Aktuelle OGH Entscheidung zum Kündigungsschutz bei COVID-19-Kurzarbeit

In einer aktuellen Entscheidung (OGH 22.10.2021, 8 ObA 48/21 y) hat der OGH nunmehr bestätigt, dass die Kündigungsbeschränkungen in Zusammenhang mit der COVID-19-Kurzarbeit (auch „Corona-KUA“ genannt) keinen individuellen Kündigungsschutz für einzelne Arbeitnehmer statuieren.

In diesem Beitrag fassen wir die wesentlichen Aussagen des Höchstgerichts zusammen.

Sachverhalt

Der Kläger war bei der Beklagten als Angestellter im Projektmanagement beschäftigt. Mit Gültigkeit ab 23.03.2020 hat die Beklagte während des ersten COVID-19-Lockdowns mit 15 Mitarbeitern (jedoch nicht mit dem Kläger) die „Sozialpartnervereinbarung – Einzelvereinbarung“ über die Corona-Kurzarbeit abgeschlossen und am 15.4.2020 angekündigt, die Kurzarbeit auf alle Mitarbeiter auszudehnen. In der vereinbarten Sozialpartnervereinbarung ist festgehalten, dass der Arbeitgeber verpflichtet sei, jenen Beschäftigtenstand im Betrieb aufrecht zu erhalten, der zum Zeitpunkt des Geltungsbeginns der Kurzarbeitsvereinbarung bestanden hat (Behaltepflicht) und die Dauer der Behaltepflicht nach Ende der Kurzarbeit einen Monat betrage. Weiters wurde festgehalten, dass Kündigungen frühestens nach Ablauf der Behaltefrist ausgesprochen werden dürften. Die Kündigung von Arbeitsverhältnissen aus personenbezogenen Gründen und das Recht zum vorzeitigen Austritt sind nach der Sozialpartnervereinbarung unbenommen. In diesen Fällen sei der Beschäftigtenstand aufzufüllen.

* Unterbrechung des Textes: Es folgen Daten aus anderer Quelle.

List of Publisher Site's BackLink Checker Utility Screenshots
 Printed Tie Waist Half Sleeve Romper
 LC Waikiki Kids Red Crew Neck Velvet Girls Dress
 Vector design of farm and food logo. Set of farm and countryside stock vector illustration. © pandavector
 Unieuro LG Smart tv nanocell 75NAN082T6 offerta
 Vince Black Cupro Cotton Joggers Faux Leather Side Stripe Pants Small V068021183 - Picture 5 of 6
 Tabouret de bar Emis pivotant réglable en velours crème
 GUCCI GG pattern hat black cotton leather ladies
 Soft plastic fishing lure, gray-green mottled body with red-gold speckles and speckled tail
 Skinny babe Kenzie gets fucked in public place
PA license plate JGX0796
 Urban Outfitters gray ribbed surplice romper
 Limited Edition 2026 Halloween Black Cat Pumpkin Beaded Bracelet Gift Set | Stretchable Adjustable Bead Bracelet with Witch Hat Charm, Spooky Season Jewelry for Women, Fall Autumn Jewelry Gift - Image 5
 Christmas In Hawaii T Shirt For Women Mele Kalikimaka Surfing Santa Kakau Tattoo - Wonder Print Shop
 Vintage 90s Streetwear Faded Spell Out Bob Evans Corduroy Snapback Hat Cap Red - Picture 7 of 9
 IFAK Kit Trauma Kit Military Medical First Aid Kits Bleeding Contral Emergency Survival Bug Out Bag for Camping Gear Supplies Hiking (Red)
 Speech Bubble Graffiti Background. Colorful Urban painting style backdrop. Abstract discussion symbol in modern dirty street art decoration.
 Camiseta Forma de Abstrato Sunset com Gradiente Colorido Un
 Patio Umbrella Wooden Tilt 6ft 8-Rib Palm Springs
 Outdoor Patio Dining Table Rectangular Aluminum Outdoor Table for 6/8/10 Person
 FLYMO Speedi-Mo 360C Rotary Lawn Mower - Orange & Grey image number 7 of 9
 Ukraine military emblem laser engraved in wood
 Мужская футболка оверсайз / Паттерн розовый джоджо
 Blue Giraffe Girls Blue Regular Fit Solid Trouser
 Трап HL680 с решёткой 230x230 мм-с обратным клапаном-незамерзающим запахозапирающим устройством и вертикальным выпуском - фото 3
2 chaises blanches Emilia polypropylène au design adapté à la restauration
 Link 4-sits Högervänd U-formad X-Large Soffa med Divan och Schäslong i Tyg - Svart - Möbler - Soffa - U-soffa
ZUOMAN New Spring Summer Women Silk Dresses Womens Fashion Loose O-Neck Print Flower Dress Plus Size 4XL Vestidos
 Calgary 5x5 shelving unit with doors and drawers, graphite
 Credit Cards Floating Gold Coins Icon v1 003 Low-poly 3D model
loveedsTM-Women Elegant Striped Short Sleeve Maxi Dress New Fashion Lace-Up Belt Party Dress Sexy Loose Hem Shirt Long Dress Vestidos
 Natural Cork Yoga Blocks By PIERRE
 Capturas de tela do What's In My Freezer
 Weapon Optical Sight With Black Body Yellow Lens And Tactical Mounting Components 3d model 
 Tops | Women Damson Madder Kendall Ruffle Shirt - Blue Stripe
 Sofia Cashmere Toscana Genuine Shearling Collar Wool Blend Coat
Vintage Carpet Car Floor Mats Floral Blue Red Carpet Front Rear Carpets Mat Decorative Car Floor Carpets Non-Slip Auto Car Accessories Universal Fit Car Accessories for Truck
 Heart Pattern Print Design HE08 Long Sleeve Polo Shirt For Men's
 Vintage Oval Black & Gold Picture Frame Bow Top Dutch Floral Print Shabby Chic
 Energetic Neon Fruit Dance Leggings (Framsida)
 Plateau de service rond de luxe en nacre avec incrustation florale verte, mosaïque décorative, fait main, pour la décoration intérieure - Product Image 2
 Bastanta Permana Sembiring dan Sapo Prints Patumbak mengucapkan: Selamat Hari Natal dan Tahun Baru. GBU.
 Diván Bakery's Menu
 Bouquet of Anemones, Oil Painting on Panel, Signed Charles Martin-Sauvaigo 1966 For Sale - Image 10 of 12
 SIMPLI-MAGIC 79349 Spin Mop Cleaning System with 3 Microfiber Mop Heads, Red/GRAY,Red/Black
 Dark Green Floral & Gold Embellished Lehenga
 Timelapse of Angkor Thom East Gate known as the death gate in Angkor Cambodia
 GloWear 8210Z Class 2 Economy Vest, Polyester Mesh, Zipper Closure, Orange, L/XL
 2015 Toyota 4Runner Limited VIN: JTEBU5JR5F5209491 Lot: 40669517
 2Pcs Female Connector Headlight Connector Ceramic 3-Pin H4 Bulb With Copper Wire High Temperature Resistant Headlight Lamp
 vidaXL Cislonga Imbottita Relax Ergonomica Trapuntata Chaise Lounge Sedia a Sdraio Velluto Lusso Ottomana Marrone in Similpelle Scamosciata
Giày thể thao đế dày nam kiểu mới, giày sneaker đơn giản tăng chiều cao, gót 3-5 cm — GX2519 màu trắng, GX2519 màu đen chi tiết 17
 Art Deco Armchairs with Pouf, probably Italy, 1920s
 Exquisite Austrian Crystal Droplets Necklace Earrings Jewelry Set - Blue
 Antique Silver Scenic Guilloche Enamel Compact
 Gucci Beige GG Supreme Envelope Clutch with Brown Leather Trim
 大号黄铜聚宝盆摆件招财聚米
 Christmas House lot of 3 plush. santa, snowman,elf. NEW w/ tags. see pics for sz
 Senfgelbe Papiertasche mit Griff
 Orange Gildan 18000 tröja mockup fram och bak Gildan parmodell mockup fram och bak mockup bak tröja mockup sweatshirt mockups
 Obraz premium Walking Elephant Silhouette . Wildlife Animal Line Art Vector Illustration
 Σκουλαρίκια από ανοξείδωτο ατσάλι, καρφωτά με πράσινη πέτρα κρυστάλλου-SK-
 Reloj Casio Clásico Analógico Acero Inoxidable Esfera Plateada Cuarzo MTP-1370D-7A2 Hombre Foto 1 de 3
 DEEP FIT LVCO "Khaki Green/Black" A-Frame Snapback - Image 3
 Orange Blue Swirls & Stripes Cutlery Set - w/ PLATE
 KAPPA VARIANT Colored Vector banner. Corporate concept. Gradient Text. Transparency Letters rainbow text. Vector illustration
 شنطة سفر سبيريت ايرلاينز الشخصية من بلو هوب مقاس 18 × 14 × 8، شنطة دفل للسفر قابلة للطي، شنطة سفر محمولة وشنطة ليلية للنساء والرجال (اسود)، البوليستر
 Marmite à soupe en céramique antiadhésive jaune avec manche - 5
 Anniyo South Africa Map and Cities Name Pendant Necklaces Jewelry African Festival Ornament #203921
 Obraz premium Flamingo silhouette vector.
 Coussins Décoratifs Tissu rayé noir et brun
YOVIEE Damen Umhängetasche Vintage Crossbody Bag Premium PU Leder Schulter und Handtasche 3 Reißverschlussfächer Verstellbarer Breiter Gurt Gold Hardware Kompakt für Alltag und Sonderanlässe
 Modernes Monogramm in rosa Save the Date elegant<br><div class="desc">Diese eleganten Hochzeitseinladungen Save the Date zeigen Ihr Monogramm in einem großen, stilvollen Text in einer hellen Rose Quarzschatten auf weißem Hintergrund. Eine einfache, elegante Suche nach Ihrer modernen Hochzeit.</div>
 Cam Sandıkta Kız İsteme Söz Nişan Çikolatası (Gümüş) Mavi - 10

Aufgrund von kritischen Fragen zur Vorgehensweise der Beklagten in der Krise und der Weigerung des Klägers, einem geplanten Betriebsurlaub (trotz ausreichender offener Urlaubstage) zuzustimmen, hat die Beklagte am 27.04.2020 das Dienstverhältnis mit dem Kläger zum 31.07.2020 gekündigt und ihn für die Dauer der Kündigungsfrist dienstfrei gestellt. Die offene Stelle des Klägers wurde nachbesetzt.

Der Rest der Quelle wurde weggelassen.